## [Material for this task]
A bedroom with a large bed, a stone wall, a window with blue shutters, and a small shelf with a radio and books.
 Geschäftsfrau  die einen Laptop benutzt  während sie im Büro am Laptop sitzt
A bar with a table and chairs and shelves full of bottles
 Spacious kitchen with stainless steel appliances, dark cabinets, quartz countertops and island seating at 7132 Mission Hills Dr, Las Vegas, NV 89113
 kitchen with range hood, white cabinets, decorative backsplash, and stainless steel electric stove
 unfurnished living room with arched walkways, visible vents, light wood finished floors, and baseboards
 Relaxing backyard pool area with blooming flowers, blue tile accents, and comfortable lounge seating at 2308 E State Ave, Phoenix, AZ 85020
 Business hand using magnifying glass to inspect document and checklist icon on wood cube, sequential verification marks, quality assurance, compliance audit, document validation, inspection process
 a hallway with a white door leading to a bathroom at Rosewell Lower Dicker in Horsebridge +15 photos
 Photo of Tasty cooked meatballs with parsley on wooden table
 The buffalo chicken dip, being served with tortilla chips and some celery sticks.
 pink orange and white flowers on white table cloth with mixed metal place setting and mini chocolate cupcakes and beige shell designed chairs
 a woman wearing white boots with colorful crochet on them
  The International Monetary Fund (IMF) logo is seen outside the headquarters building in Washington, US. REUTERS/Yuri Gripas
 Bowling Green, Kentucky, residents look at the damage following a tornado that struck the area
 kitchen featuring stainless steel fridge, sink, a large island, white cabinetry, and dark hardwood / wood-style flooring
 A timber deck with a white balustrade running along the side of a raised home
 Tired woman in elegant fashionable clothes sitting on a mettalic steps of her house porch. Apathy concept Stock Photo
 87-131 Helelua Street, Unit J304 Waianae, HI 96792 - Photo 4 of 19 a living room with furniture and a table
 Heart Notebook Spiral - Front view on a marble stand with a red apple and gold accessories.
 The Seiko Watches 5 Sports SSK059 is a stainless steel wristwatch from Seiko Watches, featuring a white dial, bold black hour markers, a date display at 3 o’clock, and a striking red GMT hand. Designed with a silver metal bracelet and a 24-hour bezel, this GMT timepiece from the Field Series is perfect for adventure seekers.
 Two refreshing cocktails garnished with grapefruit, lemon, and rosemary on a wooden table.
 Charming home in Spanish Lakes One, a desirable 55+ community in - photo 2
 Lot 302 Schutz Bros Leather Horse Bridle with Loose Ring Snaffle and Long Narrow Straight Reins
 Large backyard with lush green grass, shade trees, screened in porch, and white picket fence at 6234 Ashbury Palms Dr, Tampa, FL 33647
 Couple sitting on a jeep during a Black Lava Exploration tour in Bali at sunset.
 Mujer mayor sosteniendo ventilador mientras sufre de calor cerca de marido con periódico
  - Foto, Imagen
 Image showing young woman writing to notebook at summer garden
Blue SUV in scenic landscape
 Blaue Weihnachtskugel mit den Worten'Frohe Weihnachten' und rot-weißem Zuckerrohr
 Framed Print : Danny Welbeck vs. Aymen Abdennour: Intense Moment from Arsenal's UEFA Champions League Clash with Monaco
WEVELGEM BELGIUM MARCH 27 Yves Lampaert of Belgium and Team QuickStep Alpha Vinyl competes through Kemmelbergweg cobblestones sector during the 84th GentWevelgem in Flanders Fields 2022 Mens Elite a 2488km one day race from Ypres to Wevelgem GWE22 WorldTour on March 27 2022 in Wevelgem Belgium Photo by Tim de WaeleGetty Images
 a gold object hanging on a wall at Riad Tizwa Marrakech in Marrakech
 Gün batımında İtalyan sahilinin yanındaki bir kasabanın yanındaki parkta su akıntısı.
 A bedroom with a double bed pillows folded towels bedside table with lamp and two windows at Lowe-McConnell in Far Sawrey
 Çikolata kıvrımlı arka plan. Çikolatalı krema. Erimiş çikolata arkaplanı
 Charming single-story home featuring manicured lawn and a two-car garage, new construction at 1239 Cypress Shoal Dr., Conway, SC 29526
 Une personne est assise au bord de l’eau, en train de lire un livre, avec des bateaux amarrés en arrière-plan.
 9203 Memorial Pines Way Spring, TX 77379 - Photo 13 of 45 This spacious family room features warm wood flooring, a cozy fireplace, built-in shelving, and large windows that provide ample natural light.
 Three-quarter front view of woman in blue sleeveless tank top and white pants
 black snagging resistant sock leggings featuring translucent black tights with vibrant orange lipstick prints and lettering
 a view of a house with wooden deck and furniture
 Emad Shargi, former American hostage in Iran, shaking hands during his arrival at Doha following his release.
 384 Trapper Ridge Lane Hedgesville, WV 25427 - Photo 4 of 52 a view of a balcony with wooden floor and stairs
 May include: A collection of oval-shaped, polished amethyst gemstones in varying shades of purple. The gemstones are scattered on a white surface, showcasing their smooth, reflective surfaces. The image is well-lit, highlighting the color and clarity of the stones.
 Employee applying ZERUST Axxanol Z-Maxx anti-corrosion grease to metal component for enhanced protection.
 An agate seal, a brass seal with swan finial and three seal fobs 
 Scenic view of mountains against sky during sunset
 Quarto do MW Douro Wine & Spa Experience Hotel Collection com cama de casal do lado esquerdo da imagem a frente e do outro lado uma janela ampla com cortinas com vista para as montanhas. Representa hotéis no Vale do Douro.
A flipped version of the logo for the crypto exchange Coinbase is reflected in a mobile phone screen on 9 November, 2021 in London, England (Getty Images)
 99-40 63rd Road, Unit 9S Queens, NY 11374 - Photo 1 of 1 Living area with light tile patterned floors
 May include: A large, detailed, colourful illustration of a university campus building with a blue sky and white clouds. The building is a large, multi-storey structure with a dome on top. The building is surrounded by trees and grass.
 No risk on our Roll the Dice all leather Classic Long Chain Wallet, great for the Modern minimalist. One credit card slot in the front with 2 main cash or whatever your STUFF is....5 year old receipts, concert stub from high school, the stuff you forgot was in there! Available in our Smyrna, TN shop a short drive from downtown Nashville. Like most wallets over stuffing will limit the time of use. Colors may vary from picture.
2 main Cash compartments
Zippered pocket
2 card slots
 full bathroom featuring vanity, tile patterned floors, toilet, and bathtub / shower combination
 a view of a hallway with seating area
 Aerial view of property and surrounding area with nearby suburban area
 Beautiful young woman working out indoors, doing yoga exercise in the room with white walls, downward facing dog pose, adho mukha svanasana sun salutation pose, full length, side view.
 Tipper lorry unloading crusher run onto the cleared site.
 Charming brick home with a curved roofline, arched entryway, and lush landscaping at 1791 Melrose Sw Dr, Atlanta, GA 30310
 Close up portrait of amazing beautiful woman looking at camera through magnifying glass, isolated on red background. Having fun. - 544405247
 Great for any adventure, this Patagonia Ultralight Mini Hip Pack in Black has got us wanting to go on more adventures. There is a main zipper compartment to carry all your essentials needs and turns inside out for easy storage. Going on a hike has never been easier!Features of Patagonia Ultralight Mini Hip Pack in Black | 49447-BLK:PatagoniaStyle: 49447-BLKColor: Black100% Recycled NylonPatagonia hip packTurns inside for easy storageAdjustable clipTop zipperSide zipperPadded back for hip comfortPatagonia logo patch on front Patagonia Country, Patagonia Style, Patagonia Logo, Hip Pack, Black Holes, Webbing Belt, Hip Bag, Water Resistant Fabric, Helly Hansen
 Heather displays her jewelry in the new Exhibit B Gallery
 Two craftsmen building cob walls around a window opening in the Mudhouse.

## [Exercise prompt]
Please output exactly the lines between the one holding "The International Monetary" and the one holding "Lot 302 Schutz" in the records above, inclusive, and nothing more.

## [Output of the task]
  The International Monetary Fund (IMF) logo is seen outside the headquarters building in Washington, US. REUTERS/Yuri Gripas
 Bowling Green, Kentucky, residents look at the damage following a tornado that struck the area
 kitchen featuring stainless steel fridge, sink, a large island, white cabinetry, and dark hardwood / wood-style flooring
 A timber deck with a white balustrade running along the side of a raised home
 Tired woman in elegant fashionable clothes sitting on a mettalic steps of her house porch. Apathy concept Stock Photo
 87-131 Helelua Street, Unit J304 Waianae, HI 96792 - Photo 4 of 19 a living room with furniture and a table
 Heart Notebook Spiral - Front view on a marble stand with a red apple and gold accessories.
 The Seiko Watches 5 Sports SSK059 is a stainless steel wristwatch from Seiko Watches, featuring a white dial, bold black hour markers, a date display at 3 o’clock, and a striking red GMT hand. Designed with a silver metal bracelet and a 24-hour bezel, this GMT timepiece from the Field Series is perfect for adventure seekers.
 Two refreshing cocktails garnished with grapefruit, lemon, and rosemary on a wooden table.
 Charming home in Spanish Lakes One, a desirable 55+ community in - photo 2
 Lot 302 Schutz Bros Leather Horse Bridle with Loose Ring Snaffle and Long Narrow Straight Reins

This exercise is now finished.